← Back to context

Comment by cyberax

2 days ago

Small block ciphers are great for some use-cases!

32-bit block ciphers are a good way to create short opaque IDs because they provide a bijection between two sets of integers. And even if your ID is slightly shorter than 32-bit you can easily shave off a few bits with cycle walking: https://en.wikipedia.org/wiki/Format-preserving_encryption#F... E.g. if you want to make sure your IDs can be mapped into 31/63 bits.

I especially like the RC-5 cipher for these kinds of uses. It can be implemented in just a few lines of code and there are standard test vectors for it.

The RC-5 cipher was very nice for its day, but I am certain that it is much slower than AES on any modern CPU, with the exception of microcontrollers, where nonetheless other solutions, e.g. ChaCha20, may be faster.

AES also needs only a handful of lines of code for its implementation (using assembly). For such an application, you can even reduce the number of rounds of AES-128, e.g. from 10 to 4.

When you want truly uniform random numbers, then encrypting with AES-128, then truncating, is best. If you want invertible encryption, then you should encrypt a counter and either use a 32-bit addition or a 32-bit XOR for encrypting the 32-bit number. With a single AES-128 invocation for generating a random mask, you can encrypt four 32-bit numbers.

Of course, when speed does not matter, you can use pretty much any of the historical block ciphers, because the security requirements for encrypting 32-bit numbers are very low, since they are easier to find by brute force searching than by attempting to break any kind of encryption.

  • The problem is that AES needs a 128-bit block.

    Imagine that you want to obfuscate your order numbers in the database so that customers can't infer the volume of business by checking the order number.

    You can use UUIDs, but you also want to keep the numbers short so they can be dictated over the phone. You can use random IDs, but then you need to lock them in the database during the object creation otherwise you might get collisions.

    Or perhaps you have a distributed system and want to allocate a bunch of IDs for each node in advance.

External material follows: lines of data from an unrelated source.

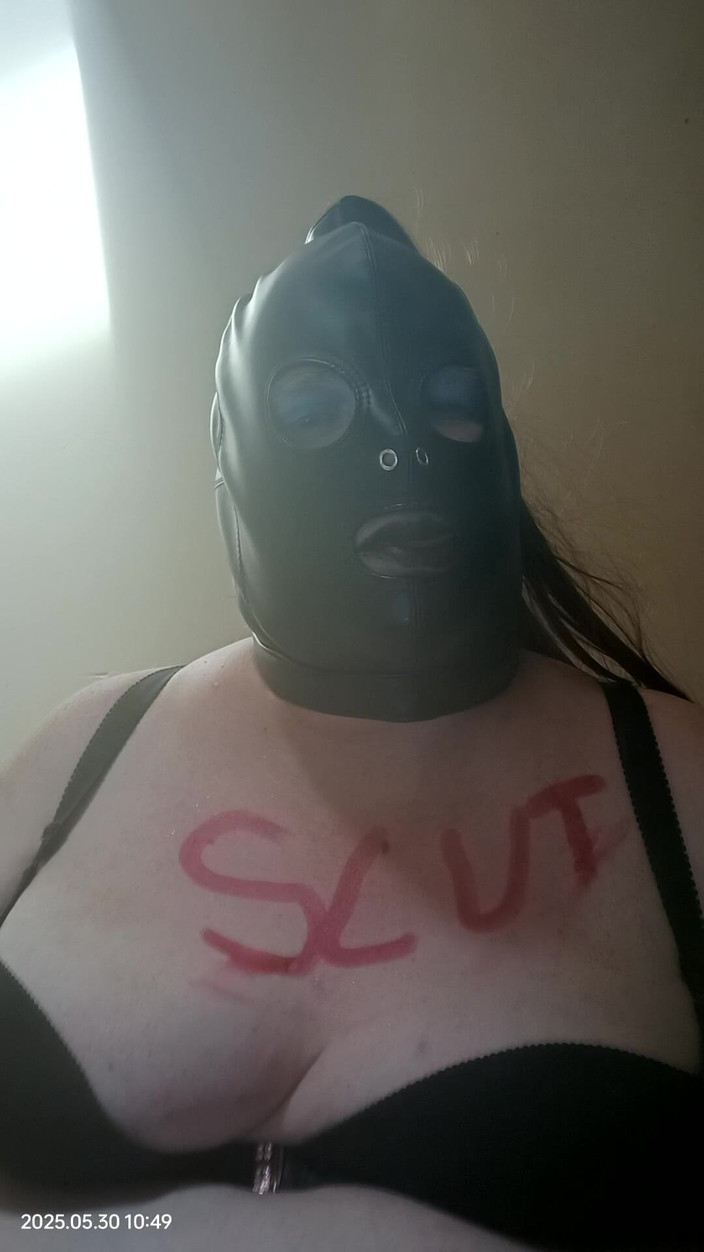 Stephanie-Nicole-TV: विशालकाय सुन्दर औरत टीवी धूम्रपान कर रही है और डिल्डो के साथ खेल रही है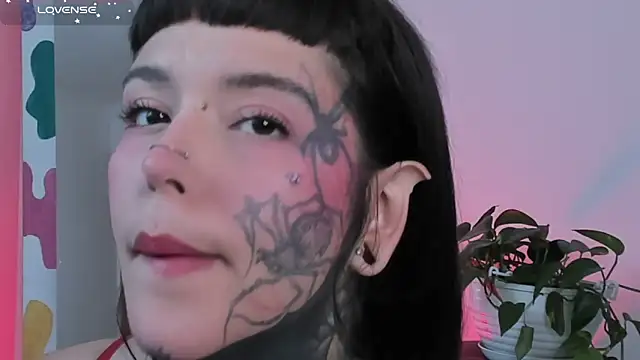 Snapshot of SylveonFox chatting on 03.12.25 SylveonFox online show from 03.12.25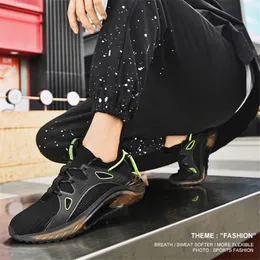2021ランニングシューズ滑り止めテニス男性ホワイトブラック夏韓国のファッションカジュアル靴大型通気性スニーカーランシューズ＃A0020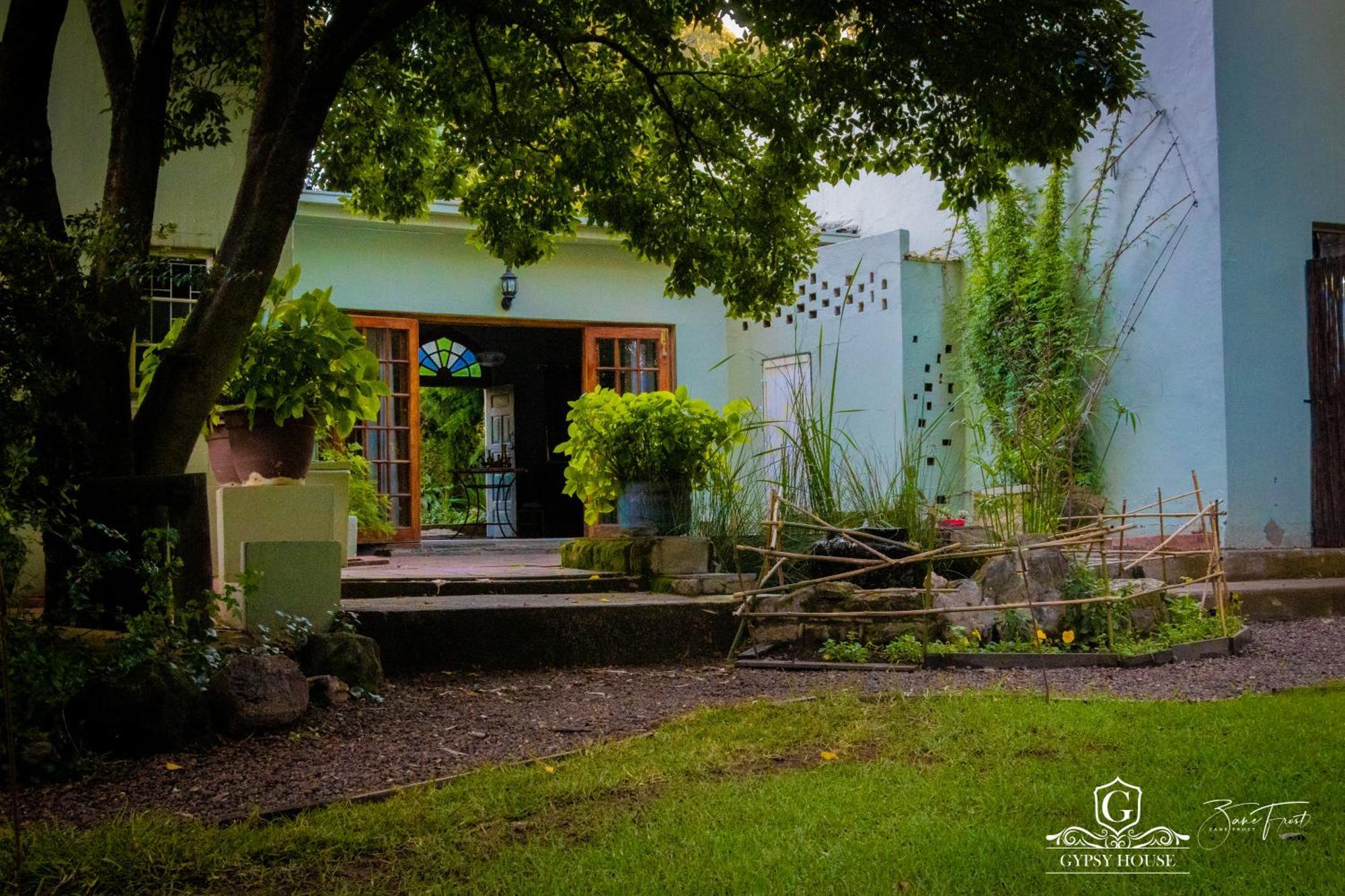 Gypsy Guest House Clarens Bagian luar foto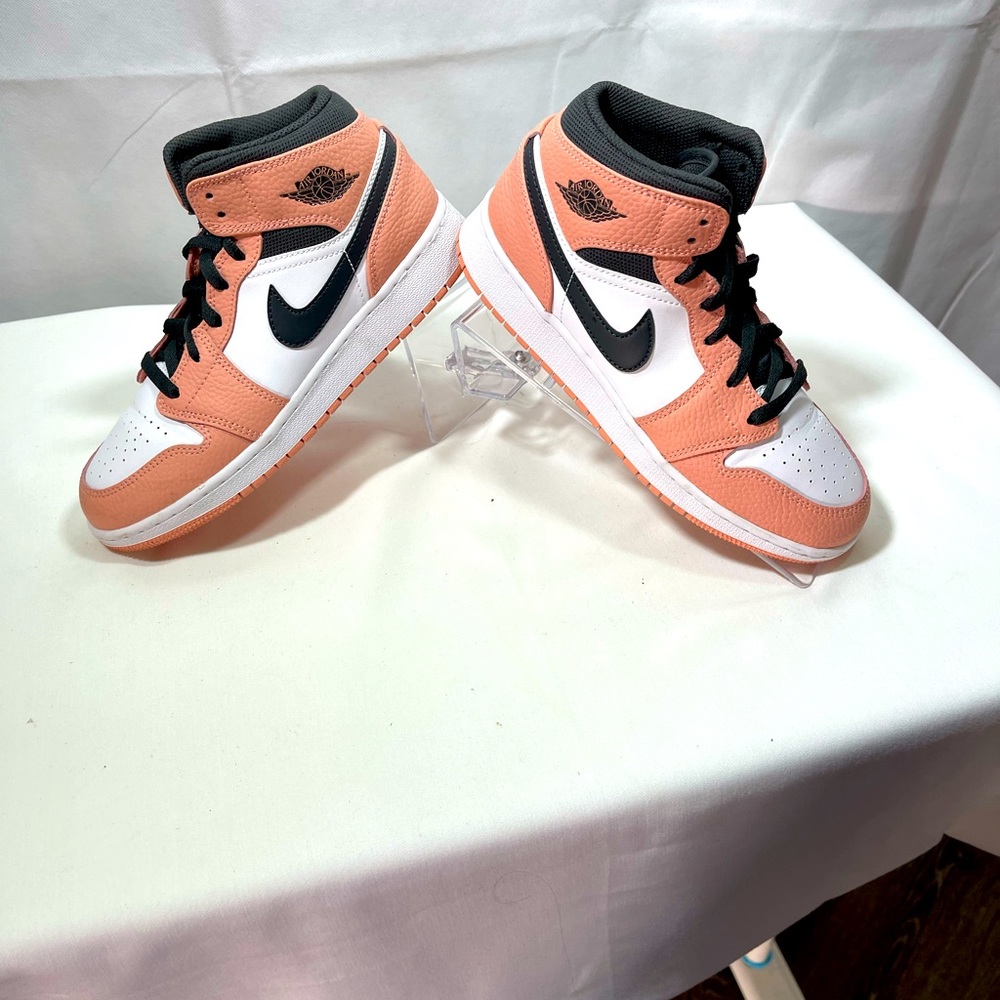 Nike Air Jordans pink women’s size 5.5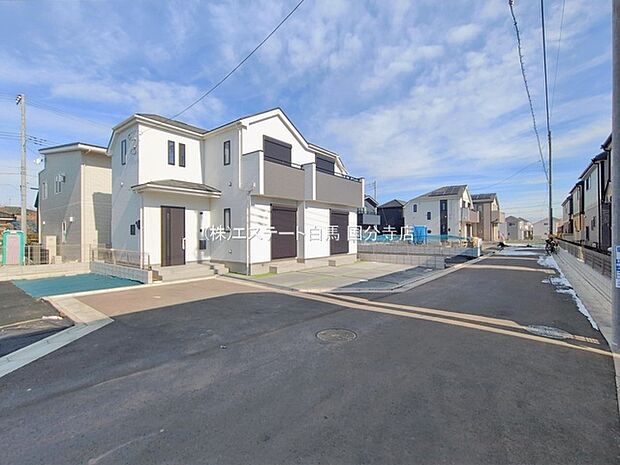 安心して暮らすことのできる住宅街。 住宅地の道路は一般に交通量が少なく車などの騒音が少ないため、住民にとって静かな生活環境が提供されます。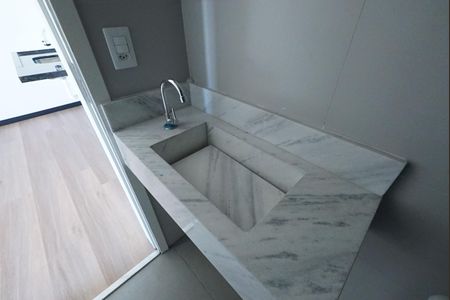Banheiro de kitnet/studio à venda com 1 quarto, 25m² em Vila Mariana, São Paulo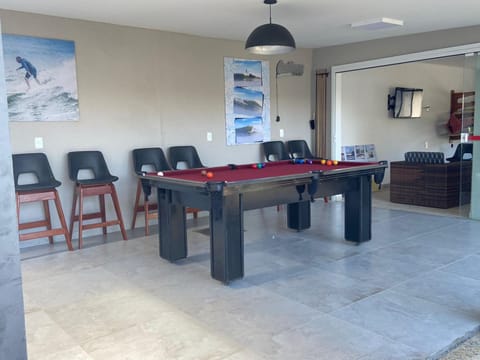 Billiard, Game Room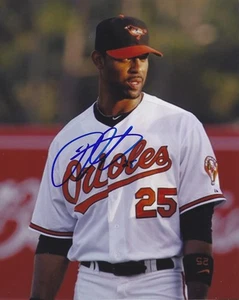 Autographed 8x10 Derrek Lee 2011 Baltimore Orioles 1st Baseman Marlins Cubs - Picture 1 of 1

    RC-5 with its small block size neatly solves this. You can have a strictly increasing database sequence, and then just give out each node a bunch of numbers ("from 100 to 120"), and nodes can then generate IDs based on them. And there can be no collisions with other nodes because symmetric ciphers are obviously bijective.

    For these kinds of use-cases performance is not an issue.

    • Standard AES needs an 128-bit block.

      However, the AES mixing function is made from a 32-bit mixing function that is extended to blocks whose lengths are multiples of 32-bit by composing it with a byte permutation.

      The standard byte permutation extends the block size from 32-bit to 128-bit, but with the current AES instructions of CPUs you can either cancel the byte permutation to get a 32-bit block size or you can replace it with a non-standard byte permutation, to get any block size that is a multiple of 32-bit.

      If you cancel the byte permutation, four 32-bit words are encrypted independently, instead of one 128-bit block. This doubles the number of instructions, but this does not necessarily reduce the throughput, as the instructions may be executed concurrently, so the throughput measured in encrypted numbers will increase by a number between 2 and 4, depending on the CPU.

Funny your example is rc5, I wrote exactly what you describe to generate 32-bit cookies in a random prototype a few years ago: https://github.com/jcalvinowens/sdvr/blob/main/rc5.c

It is cute, but surely there's a more efficient way than RC5? There are bijective hash functions which are much cheaper (murmur, at least).

  • In my case, performance was utterly unimportant.

    But is Murmur actually bijective?

    • Mine too, I was just curious.

      I recall empirically determining murmur was bijective across all 32-bit inputs, but I can't find that written down anywhere.